ABOUT THIS TASK -> Set down the full data below exactly as given, please.

Collected data
------------------------------

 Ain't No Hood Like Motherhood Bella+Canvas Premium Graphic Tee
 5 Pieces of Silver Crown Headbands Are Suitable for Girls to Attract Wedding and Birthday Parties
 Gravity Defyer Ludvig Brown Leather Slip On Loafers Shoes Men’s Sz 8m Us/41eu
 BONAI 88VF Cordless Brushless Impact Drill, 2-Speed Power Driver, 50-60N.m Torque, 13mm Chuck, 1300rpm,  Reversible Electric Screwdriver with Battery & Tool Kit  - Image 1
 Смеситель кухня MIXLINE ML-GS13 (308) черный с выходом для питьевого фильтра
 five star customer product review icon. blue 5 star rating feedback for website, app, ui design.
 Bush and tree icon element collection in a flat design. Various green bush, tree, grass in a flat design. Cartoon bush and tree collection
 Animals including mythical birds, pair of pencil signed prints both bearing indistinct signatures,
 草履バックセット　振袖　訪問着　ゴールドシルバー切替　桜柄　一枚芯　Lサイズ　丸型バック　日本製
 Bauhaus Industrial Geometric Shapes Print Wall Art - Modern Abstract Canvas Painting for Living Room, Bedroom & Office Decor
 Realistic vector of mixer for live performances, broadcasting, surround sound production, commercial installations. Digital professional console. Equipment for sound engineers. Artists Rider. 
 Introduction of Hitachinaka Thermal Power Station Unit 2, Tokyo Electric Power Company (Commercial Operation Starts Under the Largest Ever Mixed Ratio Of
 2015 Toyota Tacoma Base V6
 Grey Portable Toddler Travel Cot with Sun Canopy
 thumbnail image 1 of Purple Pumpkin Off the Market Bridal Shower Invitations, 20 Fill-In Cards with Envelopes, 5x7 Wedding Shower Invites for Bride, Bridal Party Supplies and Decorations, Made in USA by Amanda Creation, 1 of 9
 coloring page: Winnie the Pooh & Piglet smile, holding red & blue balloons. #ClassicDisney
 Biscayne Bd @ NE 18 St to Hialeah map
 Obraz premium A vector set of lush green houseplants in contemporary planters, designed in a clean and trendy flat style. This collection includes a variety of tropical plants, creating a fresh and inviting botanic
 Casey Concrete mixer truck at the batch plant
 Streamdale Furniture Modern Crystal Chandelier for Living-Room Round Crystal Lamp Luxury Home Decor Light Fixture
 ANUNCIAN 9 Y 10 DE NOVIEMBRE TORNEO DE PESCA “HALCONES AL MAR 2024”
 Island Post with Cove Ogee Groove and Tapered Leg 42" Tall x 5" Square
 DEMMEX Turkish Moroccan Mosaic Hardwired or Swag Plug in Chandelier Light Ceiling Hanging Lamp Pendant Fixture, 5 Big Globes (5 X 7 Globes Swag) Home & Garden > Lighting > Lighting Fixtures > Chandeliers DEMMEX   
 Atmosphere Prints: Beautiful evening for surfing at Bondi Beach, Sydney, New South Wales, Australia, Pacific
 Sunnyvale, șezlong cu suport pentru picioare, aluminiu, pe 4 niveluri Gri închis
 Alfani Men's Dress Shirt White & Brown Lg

------------------------------

WRITTEN RESPONSE ->
 Ain't No Hood Like Motherhood Bella+Canvas Premium Graphic Tee
 5 Pieces of Silver Crown Headbands Are Suitable for Girls to Attract Wedding and Birthday Parties
 Gravity Defyer Ludvig Brown Leather Slip On Loafers Shoes Men’s Sz 8m Us/41eu
 BONAI 88VF Cordless Brushless Impact Drill, 2-Speed Power Driver, 50-60N.m Torque, 13mm Chuck, 1300rpm,  Reversible Electric Screwdriver with Battery & Tool Kit  - Image 1
 Смеситель кухня MIXLINE ML-GS13 (308) черный с выходом для питьевого фильтра
 five star customer product review icon. blue 5 star rating feedback for website, app, ui design.
 Bush and tree icon element collection in a flat design. Various green bush, tree, grass in a flat design. Cartoon bush and tree collection
 Animals including mythical birds, pair of pencil signed prints both bearing indistinct signatures,
 草履バックセット　振袖　訪問着　ゴールドシルバー切替　桜柄　一枚芯　Lサイズ　丸型バック　日本製
 Bauhaus Industrial Geometric Shapes Print Wall Art - Modern Abstract Canvas Painting for Living Room, Bedroom & Office Decor
 Realistic vector of mixer for live performances, broadcasting, surround sound production, commercial installations. Digital professional console. Equipment for sound engineers. Artists Rider. 
 Introduction of Hitachinaka Thermal Power Station Unit 2, Tokyo Electric Power Company (Commercial Operation Starts Under the Largest Ever Mixed Ratio Of
 2015 Toyota Tacoma Base V6
 Grey Portable Toddler Travel Cot with Sun Canopy
 thumbnail image 1 of Purple Pumpkin Off the Market Bridal Shower Invitations, 20 Fill-In Cards with Envelopes, 5x7 Wedding Shower Invites for Bride, Bridal Party Supplies and Decorations, Made in USA by Amanda Creation, 1 of 9
 coloring page: Winnie the Pooh & Piglet smile, holding red & blue balloons. #ClassicDisney
 Biscayne Bd @ NE 18 St to Hialeah map
 Obraz premium A vector set of lush green houseplants in contemporary planters, designed in a clean and trendy flat style. This collection includes a variety of tropical plants, creating a fresh and inviting botanic
 Casey Concrete mixer truck at the batch plant
 Streamdale Furniture Modern Crystal Chandelier for Living-Room Round Crystal Lamp Luxury Home Decor Light Fixture
 ANUNCIAN 9 Y 10 DE NOVIEMBRE TORNEO DE PESCA “HALCONES AL MAR 2024”
 Island Post with Cove Ogee Groove and Tapered Leg 42" Tall x 5" Square
 DEMMEX Turkish Moroccan Mosaic Hardwired or Swag Plug in Chandelier Light Ceiling Hanging Lamp Pendant Fixture, 5 Big Globes (5 X 7 Globes Swag) Home & Garden > Lighting > Lighting Fixtures > Chandeliers DEMMEX   
 Atmosphere Prints: Beautiful evening for surfing at Bondi Beach, Sydney, New South Wales, Australia, Pacific
 Sunnyvale, șezlong cu suport pentru picioare, aluminiu, pe 4 niveluri Gri închis
 Alfani Men's Dress Shirt White & Brown Lg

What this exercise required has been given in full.